WHAT NEEDS TO BE DONE → What is needed is an exact copy of the data below, pictures excluded.
□ □ □ □
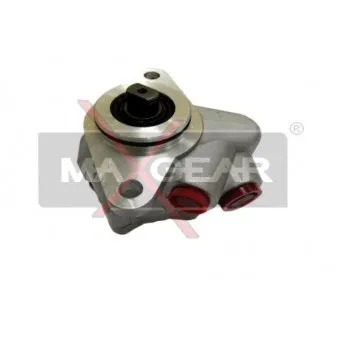 Pompe hydraulique, direction MAXGEAR 48-0043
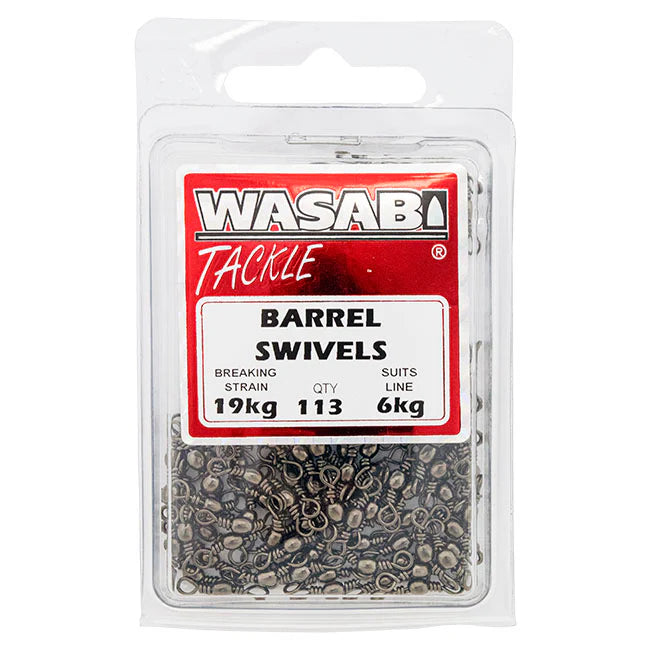 Wasabi - Barrel Swivel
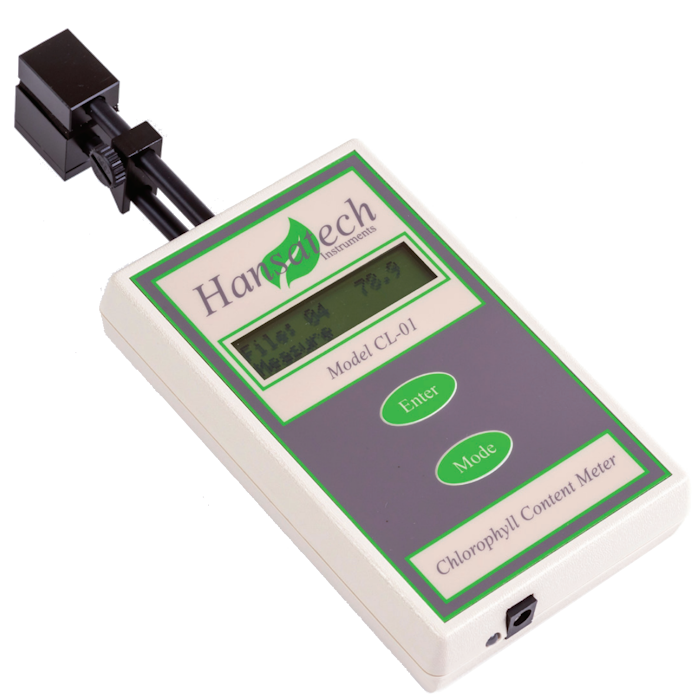 Hansatech CL-01 Chlorophyll content meter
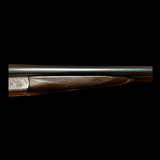 WJ JEFFERY 16GA BOXLOCK EJECTOR 28” CYL/IC BARRELS HIGHLY FIGURED WOOD SWEET HANDLING LIGHT GAME GUN - 9 of 20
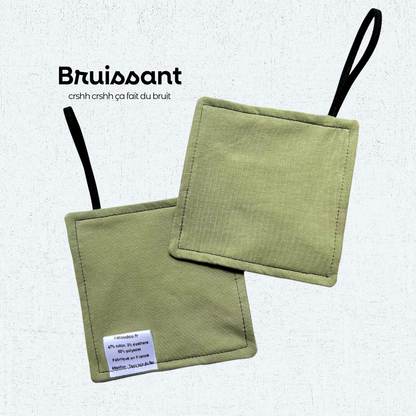 Lot Découverte – 4 mini SAM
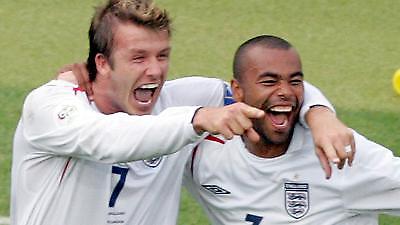 Ο Κόουλ διάλεξε Τσέλσι αντί Ρεάλ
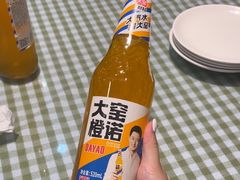 -玉桥餐厅(天坛店)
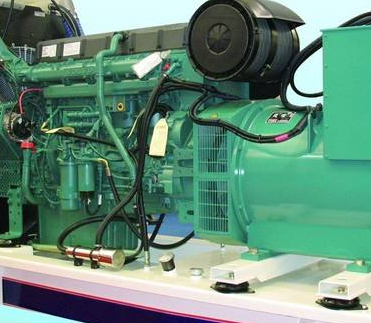 文殊镇发电机出租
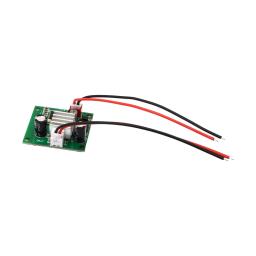 Amplificador de Som Bluetooth, Mini Amplificador de Potência Digital, Módulo BT, AMP para DIY Speaker, 30W + 30W, DC 8-24V, TWS - Image 5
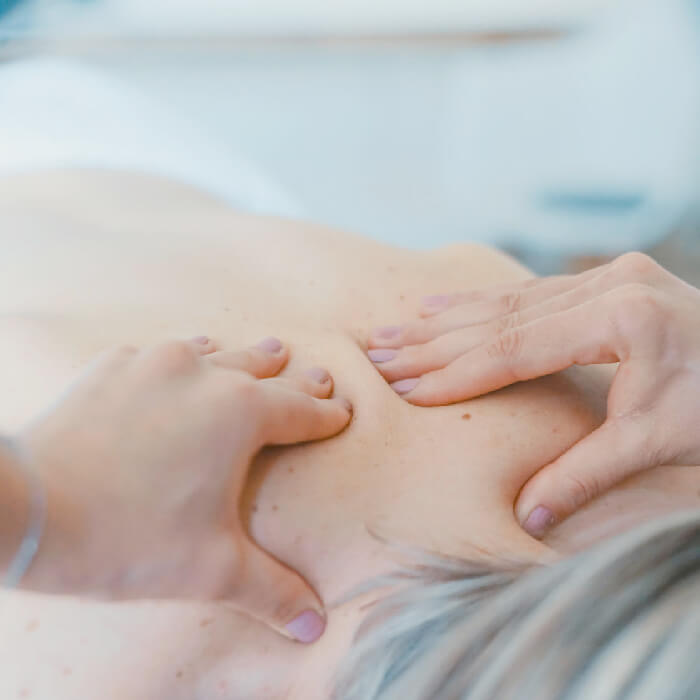 Therapeutic Back and Neck Massage BodyFocus Spa Therapeutic Back and Neck Massage BodyFocus Spa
□ □ □ □
SOLUTION TO THIS EXERCISE →
 Pompe hydraulique, direction MAXGEAR 48-0043
 Wasabi - Barrel Swivel
 Hansatech CL-01 Chlorophyll content meter
 WJ JEFFERY 16GA BOXLOCK EJECTOR 28” CYL/IC BARRELS HIGHLY FIGURED WOOD SWEET HANDLING LIGHT GAME GUN - 9 of 20
 Lot Découverte – 4 mini SAM
 Ο Κόουλ διάλεξε Τσέλσι αντί Ρεάλ
 -玉桥餐厅(天坛店)
 文殊镇发电机出租
 Amplificador de Som Bluetooth, Mini Amplificador de Potência Digital, Módulo BT, AMP para DIY Speaker, 30W + 30W, DC 8-24V, TWS - Image 5
 Therapeutic Back and Neck Massage BodyFocus Spa Therapeutic Back and Neck Massage BodyFocus Spa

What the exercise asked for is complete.